Nantucket Cottage Hospital has 14 licensed beds. We have no intensive care unit and only five ventilators, and these resources are most needed to handle acute cases of COVID-19. Other areas of the hospital have been identified as places to care for patients and increase our capacity if necessary, including outpatient departments. But if we face a significant surge of COVID-19 patients, our providers and facility could quickly be overwhelmed.

As a member of Partners HealthCare and an affiliate of Massachusetts General Hospital, Nantucket Cottage Hospital has been well served by our connection to a larger health care system during this crisis. Our colleagues in Boston have been supporting our COVID-19 preparedness and response efforts in many ways, and it has been helpful for us to tap into their medical expertise and resources. Yet we also know our fellow hospitals are facing their own challenges with similar shortages of PPE equipment and staffing concerns as a result of this pandemic.

On Nantucket, the math is daunting.


Should our town’s shelter-in-place order and social distancing efforts fall short, we will have a community spread of COVID-19 on the island. Assuming 15 percent of those infected will require hospitalization and 5 percent will need ICU-level care, we could be looking at more than 300 island residents needing a hospital bed and more than 100 requiring an ICU. Again, our hospital has only 14 licensed beds and no ICU.

And over the past four days, we have confirmed our first three cases of the coronavirus on the island.

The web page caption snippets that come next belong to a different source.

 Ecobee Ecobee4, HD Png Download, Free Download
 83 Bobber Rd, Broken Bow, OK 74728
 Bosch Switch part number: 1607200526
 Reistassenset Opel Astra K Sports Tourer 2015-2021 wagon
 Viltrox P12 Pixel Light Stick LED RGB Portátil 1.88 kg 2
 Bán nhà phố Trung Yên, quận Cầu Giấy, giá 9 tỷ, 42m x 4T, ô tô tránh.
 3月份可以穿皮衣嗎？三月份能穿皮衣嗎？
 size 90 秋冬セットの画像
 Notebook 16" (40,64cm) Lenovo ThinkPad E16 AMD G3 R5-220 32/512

Our hospital has longstanding and strong relationships with Boston MedFlight and the US Coast Guard, which we call on to transfer our most critical patients to the mainland. They have confirmed that they are ready and willing to help us. However, we know there is a possibility that our partner hospitals in Boston could be at capacity when we need them, leaving us with potentially limited ability to transfer patients needing ICU-level care.

This perilous situation has been exacerbated by an influx of our seasonal residents fleeing to Nantucket from New York City and other hotspots around the country to ride out this storm on the island. We love our part-time islanders and depend on them in many ways. And while we understand the instinct to leave the cities for a place with fewer people, Nantucket is not a safe haven during a pandemic. Given our limited medical resources, we have requested that those who have a choice of where to shelter in place make the decision to stay off the island and reduce the potential for a surge of coronavirus patients on Nantucket. They are much safer staying where they are.

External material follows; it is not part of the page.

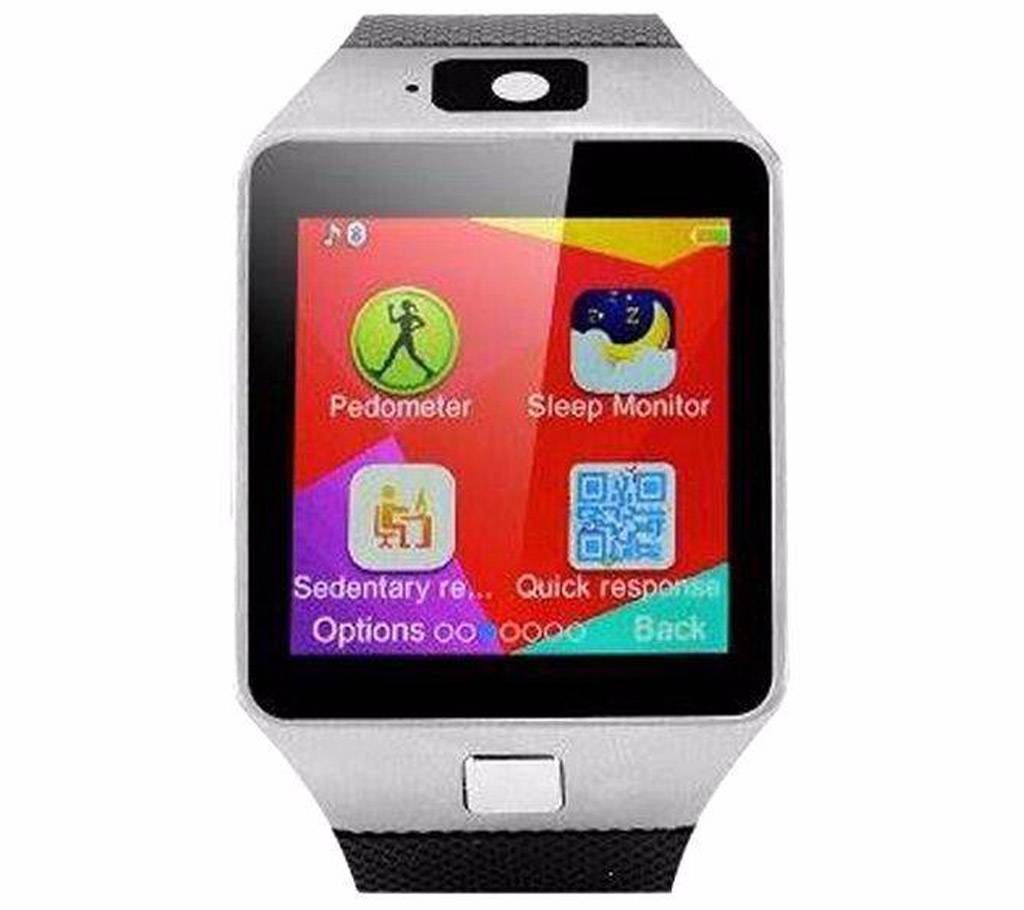 G6 Single Sim Supported Smart Watch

In a joint statement with Martha’s Vineyard Hospital, we have conveyed this urgent message to the transportation hubs that serve as our vital connection to the mainland — the Steamship Authority and Hy-Line Cruises. We have also joined with our emergency management colleagues at the Town of Nantucket and given our assessment of Nantucket’s situation to our state government representatives, asking for any support they are able to provide for our vulnerable population.

Amid this crisis, we have also seen signs of strength and hope. As we have walked the halls of our hospital over the past week, we have witnessed the dedication and bravery of the Nantucket Cottage Hospital staff on full display. Our entire mode of operation has been transformed in a short period of time, and we have seen our employees rise to the occasion, adapt quickly to new roles and assignments, and lean on each other for support. Meanwhile, members of the community have been generous with their own offers of food, supplies, funds, and good will to our hospital. The island has truly rallied around its hospital, and we are grateful.

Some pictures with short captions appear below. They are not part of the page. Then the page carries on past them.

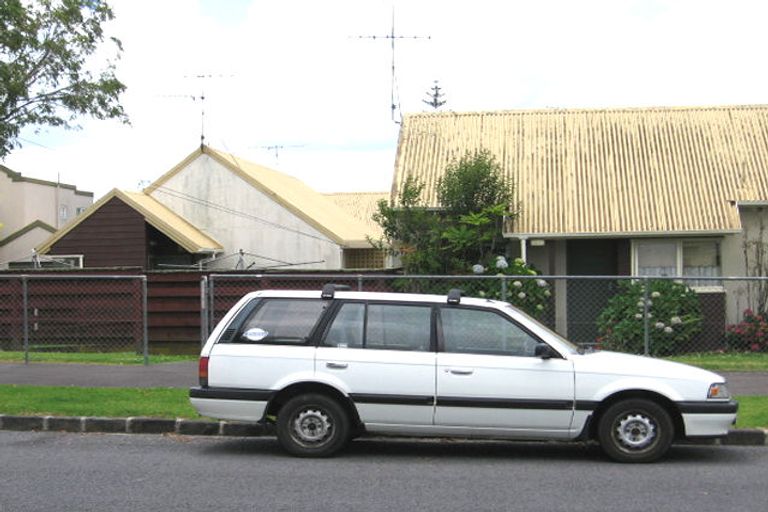 Photo of property in 27a Sackville Street, Grey Lynn, Auckland, 1021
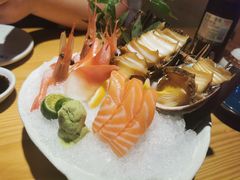 -和食亭·自助·烤肉·寿喜烧(海创园店)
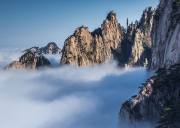 D5線：婺望黃山&山水相依黃山、婺源、徽州古城四星純玩團  高臥7日游 & 雙高6日游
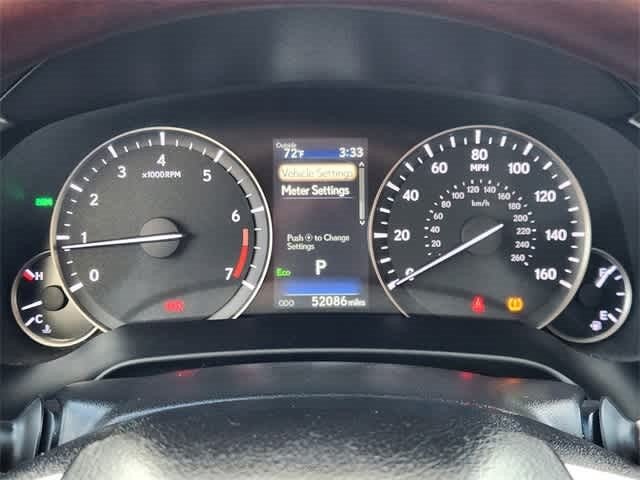 2021 Lexus RX RX 350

We will soon know the extent of the challenge we face on Nantucket, and whether our efforts to flatten the curve of infections were successful or not. We know we are not alone in meeting that challenge, and our community and brave health care workers give us hope that we can weather this storm together.


Gary Shaw is president and CEO of Nantucket Cottage Hospital. Dr. Diane Pearl is chief medical officer of Nantucket Cottage Hospital.